Lydia was quiet for a moment. Something moved across her face that he could not read; it was there and gone before he had named it.

“I will be perfectly well,” she said. “You are not to worry about me for a single moment.”

She said it with such deliberateness that he understood it to be a gift; the gift of someone removing themselves from your list of concerns because you have enough of those already. He received it as it was meant, giving her the gift of his trust in her word in return.

“Thank you,” he said.

She looked out of the window. The silence between them was not comfortable, but it was honest, which was perhaps better.

“Will you come back?” she asked, and then seemed to regret asking it, looking quickly back at her hands.

“I intend to.” He said it without hesitation, because it was true. “I have every intention of it.”

She nodded, apparently finding this satisfactory, or at least as satisfactory as anything was going to be this morning.

He reached across and placed his hand over hers, where they lay folded in her lap.

She did not draw away. She looked down at his hand for a moment, and then she looked up at him, quite steadily, and he thought she was going to say something more, but she did not.
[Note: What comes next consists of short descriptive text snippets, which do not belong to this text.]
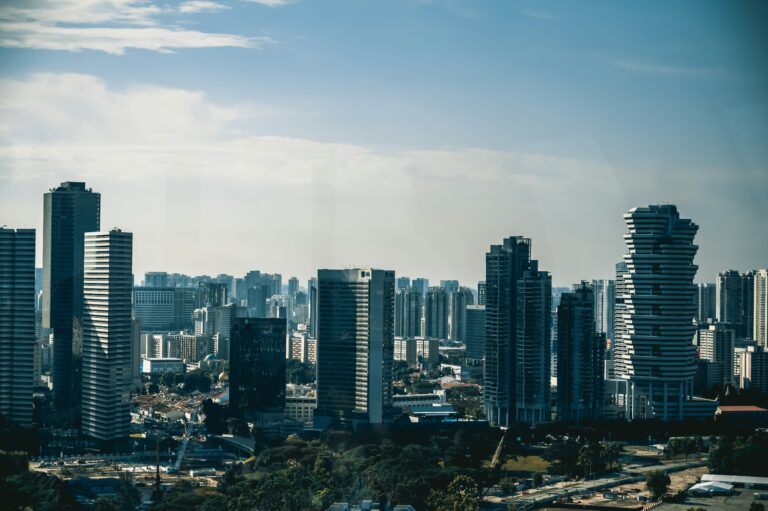 Transforming Payroll with Workday®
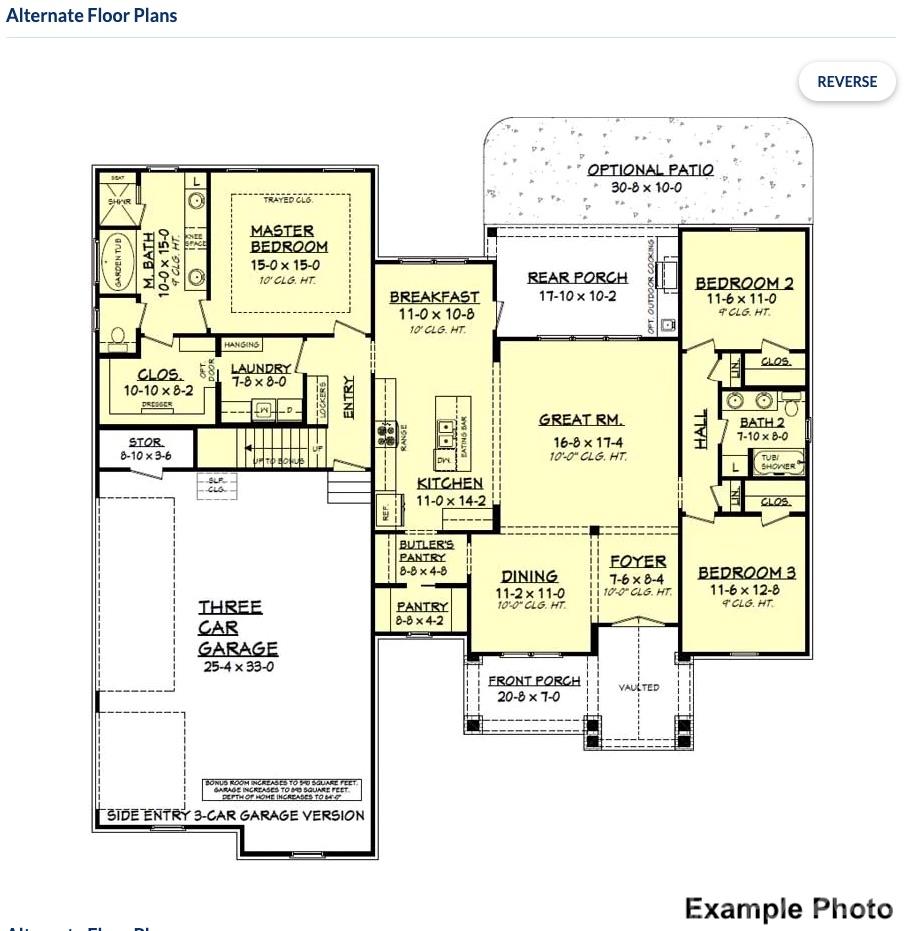 192 Sams Way 29 Property Photo 36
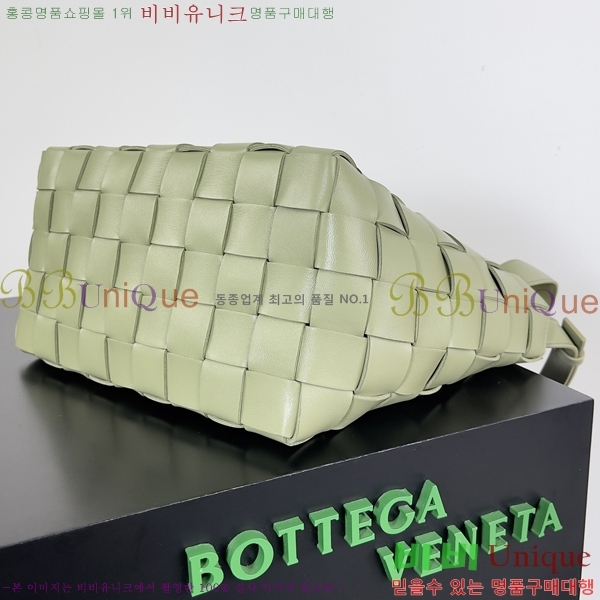 #���װ�����Ÿ ���� ī��Ʈ�� 730327-103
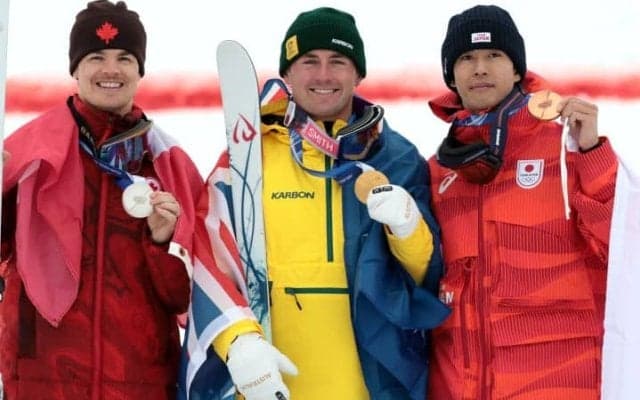 「審判の頭の中は謎」男子モーグル決勝は”公平”だったの　キングズベリーの母国メディアが採点を検証「いくつかの疑問が浮かび上がった」【冬季五輪】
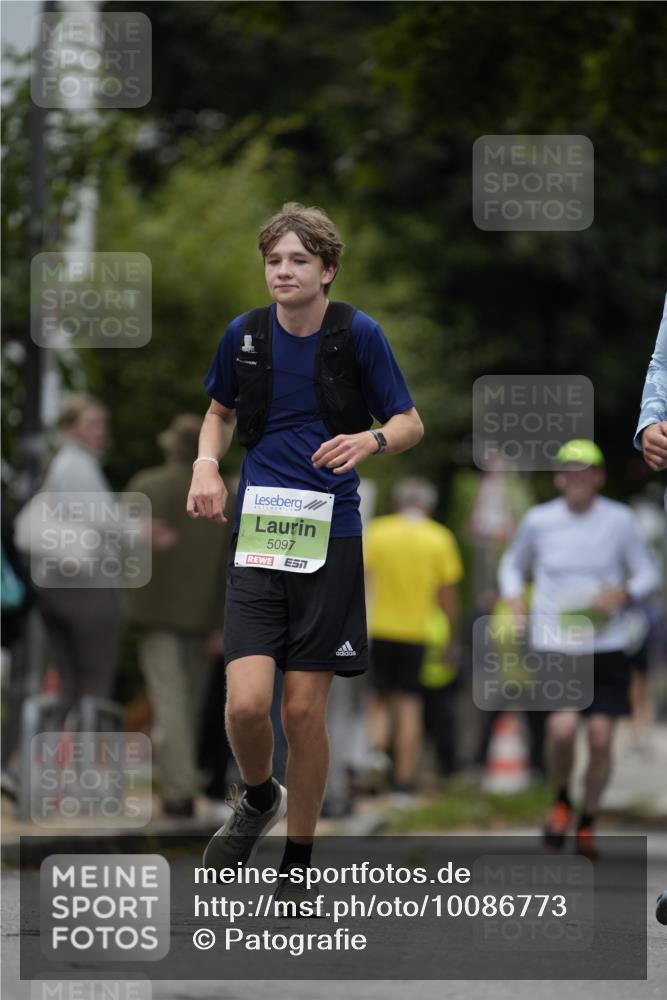 30.08.2026 - Blankeneser Heldenlauf Patografie http://msf.ph/oto/10086773 30.08.2026 10:53:02 Ziel  meine-sportfotos.de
He held her hands until they heard footsteps in the hall, and then he released them and stood.

He told her she had done him great honour, which was the truest thing he could offer, and she held her composure through it with a grace that he suspected had cost her everything she had. He bowed to her, correctly, and went out.

She found Kitty in the bedroom they had shared since childhood, and sat down on the edge of the bed without a word. Kitty took one look at her and shut the door.

“He’s going away,” Lydia said. “America. Canada, specifically. He’s leaving on the twenty-third.” She heard how flat it sounded and could not amend it. “He is not taking me with him. I am to go to Matlock, or to Pemberley. He says it is not safe.”

“It’s not safe,“ Kitty said immediately, fiercely. “He’s right about that, at least. I’ve heard Canada is a dreadful wilderness, no place for…”

“I know he is right,” Lydia said. “I know it. That is what makes it so perfectly dreadful.”

Kitty sat down beside her without another word and took her hand, very firmly.

Lydia did not cry. She had used up all her tears weeks ago, she thought, in the Forsters’ house in Brighton, and what was left was only this: the cold clear knowledge that she was sixteen and about to be married and then immediately left behind, and that she had promised not to make it harder for him by minding.

“It isn’t fair,” Kitty said, with wholehearted conviction.

“No,” Lydia agreed. “It isn’t.”

They sat together for a while, exactly as they had done a hundred times before when the world was difficult, and Lydia found that it helped, not because Kitty could fix any of it, but because she was here and she was angry on Lydia’s behalf and she did not try to make it better.

She just held her hand and let her mind the things she had said she would not mind, and that was, in the circumstances, rather a lot.

After a while, Lydia sat up straighter, and smoothed her skirt, and said, “Do you know, I think I should like some tea.”

“I’ll ring for it,” said Kitty, and she did, and they had their tea, and talked of other things, and when Lydia went to bed that night she lay awake for a long time thinking of Canada, and the twenty-third, and the way Fitzwilliam had said as long as I know you are safe, and the question she had asked that she wished she had not, except that she was glad she had, because he had not hesitated.

I intend to.

She turned her face into the pillow, and did her best to be satisfied with her lot. And if a few tears leaked from beneath her eyelids and soaked into the pillow, well, Kitty would certainly never reproach her for them.